* Problem description *
Once you find the line with "Commercial printer with" in the data that follows, repeat it and every line after it exactly, through the line with "a white bathroom".

Caption-style text data
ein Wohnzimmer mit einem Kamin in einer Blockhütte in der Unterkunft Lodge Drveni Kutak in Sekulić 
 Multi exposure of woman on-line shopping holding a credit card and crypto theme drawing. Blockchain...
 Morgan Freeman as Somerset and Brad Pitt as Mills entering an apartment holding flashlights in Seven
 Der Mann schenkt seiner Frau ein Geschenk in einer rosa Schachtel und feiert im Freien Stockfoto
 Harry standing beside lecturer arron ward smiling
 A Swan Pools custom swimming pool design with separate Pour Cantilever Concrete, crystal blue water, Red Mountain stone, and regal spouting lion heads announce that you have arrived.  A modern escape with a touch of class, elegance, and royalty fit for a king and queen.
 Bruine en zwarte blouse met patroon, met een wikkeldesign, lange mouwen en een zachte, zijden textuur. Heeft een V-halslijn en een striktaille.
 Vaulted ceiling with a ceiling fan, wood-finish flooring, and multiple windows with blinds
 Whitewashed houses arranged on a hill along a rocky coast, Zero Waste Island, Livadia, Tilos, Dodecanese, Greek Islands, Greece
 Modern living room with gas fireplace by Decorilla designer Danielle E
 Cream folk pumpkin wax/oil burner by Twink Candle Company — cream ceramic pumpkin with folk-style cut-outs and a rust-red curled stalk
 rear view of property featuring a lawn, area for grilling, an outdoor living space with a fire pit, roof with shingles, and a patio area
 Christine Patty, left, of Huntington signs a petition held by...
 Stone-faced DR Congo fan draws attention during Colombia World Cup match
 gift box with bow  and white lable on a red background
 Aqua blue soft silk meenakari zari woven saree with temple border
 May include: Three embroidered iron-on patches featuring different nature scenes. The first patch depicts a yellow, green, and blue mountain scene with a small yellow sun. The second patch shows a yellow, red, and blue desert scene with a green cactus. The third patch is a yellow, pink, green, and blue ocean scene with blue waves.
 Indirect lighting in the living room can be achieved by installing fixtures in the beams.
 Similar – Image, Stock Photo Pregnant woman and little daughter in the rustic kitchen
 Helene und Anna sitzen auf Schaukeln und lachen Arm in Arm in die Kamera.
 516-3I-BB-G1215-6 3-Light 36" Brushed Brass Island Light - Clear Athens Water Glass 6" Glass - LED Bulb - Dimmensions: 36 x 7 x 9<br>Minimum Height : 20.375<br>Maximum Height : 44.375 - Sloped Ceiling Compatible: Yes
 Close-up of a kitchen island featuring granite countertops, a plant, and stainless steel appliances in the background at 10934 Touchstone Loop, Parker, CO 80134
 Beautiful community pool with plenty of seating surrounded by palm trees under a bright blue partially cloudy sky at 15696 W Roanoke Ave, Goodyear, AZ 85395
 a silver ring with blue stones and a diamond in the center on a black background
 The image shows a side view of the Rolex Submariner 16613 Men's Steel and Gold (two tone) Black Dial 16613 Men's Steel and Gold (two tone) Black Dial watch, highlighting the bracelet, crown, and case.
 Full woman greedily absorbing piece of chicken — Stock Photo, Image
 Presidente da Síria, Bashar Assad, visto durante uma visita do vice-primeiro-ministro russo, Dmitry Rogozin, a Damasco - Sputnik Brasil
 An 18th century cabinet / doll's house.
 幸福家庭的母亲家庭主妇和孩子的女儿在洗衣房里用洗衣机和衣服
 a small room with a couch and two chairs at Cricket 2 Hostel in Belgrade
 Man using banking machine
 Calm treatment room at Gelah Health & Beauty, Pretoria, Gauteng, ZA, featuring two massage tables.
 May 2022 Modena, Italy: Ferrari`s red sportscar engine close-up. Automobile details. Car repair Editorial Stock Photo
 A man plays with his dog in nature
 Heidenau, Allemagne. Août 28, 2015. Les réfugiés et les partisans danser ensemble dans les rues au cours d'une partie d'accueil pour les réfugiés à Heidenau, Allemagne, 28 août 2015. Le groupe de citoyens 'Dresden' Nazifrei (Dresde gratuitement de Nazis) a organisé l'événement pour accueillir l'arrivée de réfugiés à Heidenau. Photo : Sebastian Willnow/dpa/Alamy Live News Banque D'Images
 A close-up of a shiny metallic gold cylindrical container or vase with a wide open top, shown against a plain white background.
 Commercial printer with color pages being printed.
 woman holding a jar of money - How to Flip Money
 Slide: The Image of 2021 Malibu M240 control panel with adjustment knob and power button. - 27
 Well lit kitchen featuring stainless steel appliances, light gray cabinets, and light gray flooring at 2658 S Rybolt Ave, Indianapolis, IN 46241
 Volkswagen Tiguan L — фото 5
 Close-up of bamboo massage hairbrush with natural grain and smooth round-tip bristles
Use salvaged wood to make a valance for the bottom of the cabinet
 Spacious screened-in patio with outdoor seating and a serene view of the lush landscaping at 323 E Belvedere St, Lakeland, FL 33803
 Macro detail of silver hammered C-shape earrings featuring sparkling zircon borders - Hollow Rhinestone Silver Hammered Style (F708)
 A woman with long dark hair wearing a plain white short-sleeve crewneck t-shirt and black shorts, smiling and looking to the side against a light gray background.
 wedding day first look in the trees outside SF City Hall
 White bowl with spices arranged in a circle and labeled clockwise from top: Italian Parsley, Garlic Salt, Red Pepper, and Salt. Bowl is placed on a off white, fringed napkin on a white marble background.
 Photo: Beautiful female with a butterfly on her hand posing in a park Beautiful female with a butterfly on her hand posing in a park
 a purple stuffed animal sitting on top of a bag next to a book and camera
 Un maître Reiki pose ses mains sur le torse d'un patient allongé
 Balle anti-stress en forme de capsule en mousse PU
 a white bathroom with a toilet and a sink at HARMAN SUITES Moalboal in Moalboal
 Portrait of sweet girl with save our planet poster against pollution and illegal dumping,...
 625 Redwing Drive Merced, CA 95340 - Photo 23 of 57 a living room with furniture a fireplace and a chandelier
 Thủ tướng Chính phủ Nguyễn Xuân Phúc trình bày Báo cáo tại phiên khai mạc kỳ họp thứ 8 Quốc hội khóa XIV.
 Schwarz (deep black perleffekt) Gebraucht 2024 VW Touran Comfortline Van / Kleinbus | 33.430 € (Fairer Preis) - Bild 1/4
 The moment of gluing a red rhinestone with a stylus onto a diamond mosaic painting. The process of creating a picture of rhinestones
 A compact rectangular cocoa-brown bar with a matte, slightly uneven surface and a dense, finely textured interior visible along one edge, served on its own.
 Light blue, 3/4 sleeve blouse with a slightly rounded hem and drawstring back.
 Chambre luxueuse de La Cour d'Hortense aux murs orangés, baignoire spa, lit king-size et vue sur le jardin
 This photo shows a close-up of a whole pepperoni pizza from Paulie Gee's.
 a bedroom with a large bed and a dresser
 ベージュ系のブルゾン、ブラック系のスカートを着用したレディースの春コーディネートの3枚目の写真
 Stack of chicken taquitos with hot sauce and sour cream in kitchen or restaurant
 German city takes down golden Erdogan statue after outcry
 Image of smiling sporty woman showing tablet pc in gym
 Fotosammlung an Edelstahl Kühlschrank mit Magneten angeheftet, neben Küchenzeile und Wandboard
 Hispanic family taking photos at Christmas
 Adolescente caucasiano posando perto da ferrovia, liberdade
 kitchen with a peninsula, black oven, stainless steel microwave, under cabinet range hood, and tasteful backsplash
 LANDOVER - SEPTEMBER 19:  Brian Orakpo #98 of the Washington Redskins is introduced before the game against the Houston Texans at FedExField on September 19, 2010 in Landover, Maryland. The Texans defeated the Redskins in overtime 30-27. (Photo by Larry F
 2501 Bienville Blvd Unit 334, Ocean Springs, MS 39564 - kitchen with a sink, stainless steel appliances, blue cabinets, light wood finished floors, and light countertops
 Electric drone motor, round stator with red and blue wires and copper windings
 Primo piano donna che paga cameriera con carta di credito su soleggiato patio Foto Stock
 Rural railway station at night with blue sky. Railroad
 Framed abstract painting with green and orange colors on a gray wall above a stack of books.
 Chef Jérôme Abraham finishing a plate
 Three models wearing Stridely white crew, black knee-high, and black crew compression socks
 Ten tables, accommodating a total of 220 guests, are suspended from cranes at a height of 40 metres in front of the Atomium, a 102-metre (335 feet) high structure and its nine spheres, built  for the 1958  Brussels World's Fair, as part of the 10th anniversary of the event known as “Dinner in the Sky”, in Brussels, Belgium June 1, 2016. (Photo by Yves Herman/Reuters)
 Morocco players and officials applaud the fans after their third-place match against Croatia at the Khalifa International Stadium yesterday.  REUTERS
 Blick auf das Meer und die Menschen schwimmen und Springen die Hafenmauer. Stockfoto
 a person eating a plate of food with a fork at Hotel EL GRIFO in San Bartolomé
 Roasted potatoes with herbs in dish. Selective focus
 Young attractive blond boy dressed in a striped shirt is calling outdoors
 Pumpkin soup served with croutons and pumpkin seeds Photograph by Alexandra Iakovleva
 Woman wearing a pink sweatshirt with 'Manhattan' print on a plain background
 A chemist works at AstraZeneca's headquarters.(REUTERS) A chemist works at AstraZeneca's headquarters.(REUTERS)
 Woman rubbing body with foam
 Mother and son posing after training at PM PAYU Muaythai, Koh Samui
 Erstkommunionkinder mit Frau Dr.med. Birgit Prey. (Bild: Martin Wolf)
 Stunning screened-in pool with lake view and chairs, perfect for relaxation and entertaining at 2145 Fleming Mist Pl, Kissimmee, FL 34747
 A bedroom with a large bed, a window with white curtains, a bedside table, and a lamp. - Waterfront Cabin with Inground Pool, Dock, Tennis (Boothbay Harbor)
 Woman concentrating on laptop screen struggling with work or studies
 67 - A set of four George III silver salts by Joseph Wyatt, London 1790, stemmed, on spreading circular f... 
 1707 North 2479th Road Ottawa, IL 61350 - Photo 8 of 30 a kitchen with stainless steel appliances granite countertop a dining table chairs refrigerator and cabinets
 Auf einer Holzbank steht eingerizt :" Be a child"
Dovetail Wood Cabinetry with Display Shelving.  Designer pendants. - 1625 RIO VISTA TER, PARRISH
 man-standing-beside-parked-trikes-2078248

* Exercise output *
 Commercial printer with color pages being printed.
 woman holding a jar of money - How to Flip Money
 Slide: The Image of 2021 Malibu M240 control panel with adjustment knob and power button. - 27
 Well lit kitchen featuring stainless steel appliances, light gray cabinets, and light gray flooring at 2658 S Rybolt Ave, Indianapolis, IN 46241
 Volkswagen Tiguan L — фото 5
 Close-up of bamboo massage hairbrush with natural grain and smooth round-tip bristles
Use salvaged wood to make a valance for the bottom of the cabinet
 Spacious screened-in patio with outdoor seating and a serene view of the lush landscaping at 323 E Belvedere St, Lakeland, FL 33803
 Macro detail of silver hammered C-shape earrings featuring sparkling zircon borders - Hollow Rhinestone Silver Hammered Style (F708)
 A woman with long dark hair wearing a plain white short-sleeve crewneck t-shirt and black shorts, smiling and looking to the side against a light gray background.
 wedding day first look in the trees outside SF City Hall
 White bowl with spices arranged in a circle and labeled clockwise from top: Italian Parsley, Garlic Salt, Red Pepper, and Salt. Bowl is placed on a off white, fringed napkin on a white marble background.
 Photo: Beautiful female with a butterfly on her hand posing in a park Beautiful female with a butterfly on her hand posing in a park
 a purple stuffed animal sitting on top of a bag next to a book and camera
 Un maître Reiki pose ses mains sur le torse d'un patient allongé
 Balle anti-stress en forme de capsule en mousse PU
 a white bathroom with a toilet and a sink at HARMAN SUITES Moalboal in Moalboal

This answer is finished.